We learned of all the newest details, radar in the nose of the aircraft, autopilot and computerised flight processing, additional space for 13 passengers along with the two crew members, and another development is that the Canadair, if necessary, can draw out the water tanks. A door has been made through which injured persons can be brought into the aircraft, they can be used for parachuting and so on. It all depends on what the buyer actually wants to use the Canadair for. As he could not receive us because of business engagements, the Bombardier president for amphibian aircraft production Michel Bourgeois called us by phone a day ahead of our arrival in Dorval in the afternoon for a short interview on the Canadairs for Croatia. He said he plans to come to Croatia in March and that he is following the situation concerning the Aeronautics Technical Institute in Velika Gorica. He feels that the entry of the Institute on the open market is a very good move on the part of Croatian Government and expects that will happen in the near future and that this would be paralleled by the certification of employees for aircraft maintenance. Bourgeois said that the Aeronautics Technical Institute could in fact become the regional centre for the maintenance of Canadair aircraft that the countries of south-eastern Europe would acquire over the coming years.

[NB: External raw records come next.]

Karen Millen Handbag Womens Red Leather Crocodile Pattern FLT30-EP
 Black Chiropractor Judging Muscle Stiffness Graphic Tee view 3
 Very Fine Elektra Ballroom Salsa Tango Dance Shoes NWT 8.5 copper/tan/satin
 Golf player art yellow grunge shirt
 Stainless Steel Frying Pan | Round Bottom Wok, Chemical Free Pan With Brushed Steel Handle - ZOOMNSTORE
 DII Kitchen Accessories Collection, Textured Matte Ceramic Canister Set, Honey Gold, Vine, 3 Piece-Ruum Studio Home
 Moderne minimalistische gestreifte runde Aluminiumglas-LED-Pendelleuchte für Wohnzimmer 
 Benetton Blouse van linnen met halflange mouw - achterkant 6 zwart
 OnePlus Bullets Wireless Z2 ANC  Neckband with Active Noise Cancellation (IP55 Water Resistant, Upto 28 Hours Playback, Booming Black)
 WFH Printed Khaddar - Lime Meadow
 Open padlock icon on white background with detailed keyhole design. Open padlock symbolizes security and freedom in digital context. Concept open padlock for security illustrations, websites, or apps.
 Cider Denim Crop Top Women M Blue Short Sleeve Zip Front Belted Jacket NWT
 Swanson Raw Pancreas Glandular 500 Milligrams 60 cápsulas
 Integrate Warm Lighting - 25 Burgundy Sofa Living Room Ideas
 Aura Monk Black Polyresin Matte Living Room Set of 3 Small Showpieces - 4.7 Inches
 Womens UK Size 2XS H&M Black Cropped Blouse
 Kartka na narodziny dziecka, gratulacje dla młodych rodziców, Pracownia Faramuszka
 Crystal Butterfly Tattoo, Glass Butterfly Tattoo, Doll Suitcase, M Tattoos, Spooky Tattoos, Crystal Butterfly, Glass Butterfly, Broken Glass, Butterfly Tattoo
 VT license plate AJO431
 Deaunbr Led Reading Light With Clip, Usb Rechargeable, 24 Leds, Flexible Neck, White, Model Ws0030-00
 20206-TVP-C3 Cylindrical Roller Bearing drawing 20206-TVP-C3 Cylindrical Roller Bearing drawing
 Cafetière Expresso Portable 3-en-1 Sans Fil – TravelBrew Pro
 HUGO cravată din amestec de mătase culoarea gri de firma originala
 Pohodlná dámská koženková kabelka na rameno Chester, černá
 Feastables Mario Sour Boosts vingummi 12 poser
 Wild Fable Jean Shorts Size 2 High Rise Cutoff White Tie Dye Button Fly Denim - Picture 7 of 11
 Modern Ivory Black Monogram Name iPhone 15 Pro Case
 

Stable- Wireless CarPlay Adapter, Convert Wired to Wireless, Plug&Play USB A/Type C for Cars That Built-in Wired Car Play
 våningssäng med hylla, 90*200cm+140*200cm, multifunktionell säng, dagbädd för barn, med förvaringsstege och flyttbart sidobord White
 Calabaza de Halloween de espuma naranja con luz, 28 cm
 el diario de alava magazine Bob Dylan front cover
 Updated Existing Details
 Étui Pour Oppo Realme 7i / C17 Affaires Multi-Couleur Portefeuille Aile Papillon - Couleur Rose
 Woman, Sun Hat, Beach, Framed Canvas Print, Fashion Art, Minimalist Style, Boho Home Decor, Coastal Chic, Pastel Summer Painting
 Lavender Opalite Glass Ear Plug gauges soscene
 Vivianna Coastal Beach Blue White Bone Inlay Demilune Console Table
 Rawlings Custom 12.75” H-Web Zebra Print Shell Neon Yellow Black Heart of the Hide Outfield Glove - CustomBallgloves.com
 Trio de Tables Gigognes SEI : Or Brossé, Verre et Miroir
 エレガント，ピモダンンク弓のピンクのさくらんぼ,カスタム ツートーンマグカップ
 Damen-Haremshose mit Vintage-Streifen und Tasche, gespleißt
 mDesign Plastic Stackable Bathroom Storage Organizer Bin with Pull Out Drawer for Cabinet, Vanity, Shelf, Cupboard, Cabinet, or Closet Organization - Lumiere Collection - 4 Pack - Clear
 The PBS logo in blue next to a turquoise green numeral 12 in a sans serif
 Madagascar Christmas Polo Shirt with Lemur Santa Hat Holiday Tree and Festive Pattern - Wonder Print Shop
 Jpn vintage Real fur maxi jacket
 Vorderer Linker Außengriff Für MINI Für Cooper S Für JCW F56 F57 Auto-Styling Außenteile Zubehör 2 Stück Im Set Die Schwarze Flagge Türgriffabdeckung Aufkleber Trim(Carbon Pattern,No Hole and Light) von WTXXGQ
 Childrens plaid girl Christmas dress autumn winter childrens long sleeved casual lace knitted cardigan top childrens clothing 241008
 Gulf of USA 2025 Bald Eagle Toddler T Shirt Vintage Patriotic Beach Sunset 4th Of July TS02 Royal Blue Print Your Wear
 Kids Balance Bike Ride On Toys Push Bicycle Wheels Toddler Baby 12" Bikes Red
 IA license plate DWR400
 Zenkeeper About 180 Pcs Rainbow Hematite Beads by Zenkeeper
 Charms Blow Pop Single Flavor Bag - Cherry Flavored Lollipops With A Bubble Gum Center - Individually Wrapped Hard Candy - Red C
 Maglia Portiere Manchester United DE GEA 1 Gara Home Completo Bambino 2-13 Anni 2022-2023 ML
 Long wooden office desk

He confirmed that the production of Canadairs had been suspended, but not discontinued in 2001, because there were already several completed Canadairs, but nobody was buying them. The machines and tools in the hall had been covered in protective tarps in expectation of new orders, which is what happened. Bourgeois announced the start of production of the Canadairs for Croatia very soon. For the coming season, two Canadairs will be rented out to Croatia by another operator, not necessarily Italy's Sorem.

In the coalition agreement of this Croatian Government, in the section that covers airborne traffic, one of the strategic goals put forward is the "need to capitalise on the professional potential of Croatia Airlines and the Aeronautics Technical Institute and to develop aircraft maintenance activities in Croatia for foreign operators." And while it was not explicitly stated with which foreign company this activity would be developed, it is quite clear that Canadian aircraft manufacturer Bombardier Aerospace is in question.

After the visit and talks with top people at Bombardier, it is clear that there is a great opportunity for lucrative and quality business with Croatia, something the Canadians also underline, especially with the technical sector at Croatia Airlines and with the Aeronautics Technical Institute in Velika Gorica. However, it all depends on who from Government will negotiate with the Canadians and how soon they will decouple the Institute from the military system and assist it in acquiring a certificate to enter the open market. Otherwise, if Government is seen as uncommitted and inert and lacking the will to negotiate, similar ventures will very quickly move somewhere to the east of Croatia.